Amerika and Co got into the joint in the space of a few weeks so they can get out the same way. No need to destroy any of their equipment they will have to leave behind as it can be a tiny deposit on the reparations that must be paid once Iraq achieves a measure of stability.
Not the stability that the rethuglocrats want, ie a sympathetic administration – the stability that the Iraqis want, ie relatively safe to walk the streets again and a feeling that as bad as things may be politically, with time and no outside interference (of either the propping up or pulling down sort) Iraqis may go back to working towards the state they were aiming at before the whitefellas laid seige to their nation.
It is true that no one knows the depth of the sectarian divide, but given that it was practically non-existant before Bremer softened them up and Negroponte stirred them up, they may get over it quite quickly. The ibn-Saud crooks must be kept outta Iraq at all costs as they have always depended on Shia oppression to maintain control and an Arabic state with Shia leadership right next door will have them anxious and wanting to interfere.

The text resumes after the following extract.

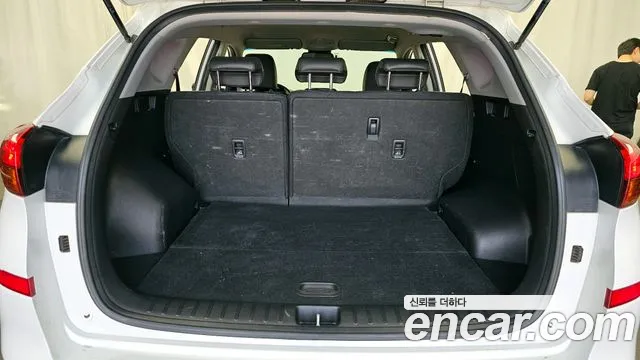 Hyundai Tucson 2019 — фото 20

Posted by: Debs is dead | Jul 17 2007 21:53 utc | 3

but given that it was practically non-existant before Bremer
this is not true in any history i’ve read. and yet this unsupported claim repeated by many here is the foundation of every demand for the US to leave. based on what we do know about the collapse of iraq is that it will be much, much worse than now. there is no respectable account of the war i know of contradicting this certainty.
because of the facts of the present situation, marshall is correct.
no way the US can leave. no fucking way.

Posted by: slothrop | Jul 18 2007 0:47 utc | 4

Slothrup:
Speaking of Marshall, if I recall, he was sent to China after WWII ended way too early, when the Kumintang “legal” Chinese government was still allied with the Soviet Socialists against the Maoist Communists over rich mineral lands of Manchuria, across a China still divided into 4ths, and a year from peace.
Rather a lot like Iraq today.
He had a grand plan for successful intermediary negotiation before US disengagement. Recall just how successful that was.
Moa kicked their ass, then millions died the next four years,
as China retrograded back to the Pre-Industrial Age.
Gradual redeployment my ass. Our current crop of high school grads will be rotated into the slaughter, and the fifth tour burnouts rotated back to CONUS to SWAT down Sub-P homeless.
Two of our neighbor kids shipped out last night. Now they’re
looking for a marine returnee who slaughtered his wife. You
have no idea what 120,000 fifth-tour psychos returning to the US recession is like, unless you’ve worked with the Nam vets.
Get over it. Bush screwed the pooch. Now millions will die, and we’ll be paying over $100 a barrel by election day 2008,
by which time Cheney will be personally worth $1B dollars,
and DoD/DHS will still be the richest Corps on earth.
Hey, we’re all going to, “feel their pain” on this one, baby!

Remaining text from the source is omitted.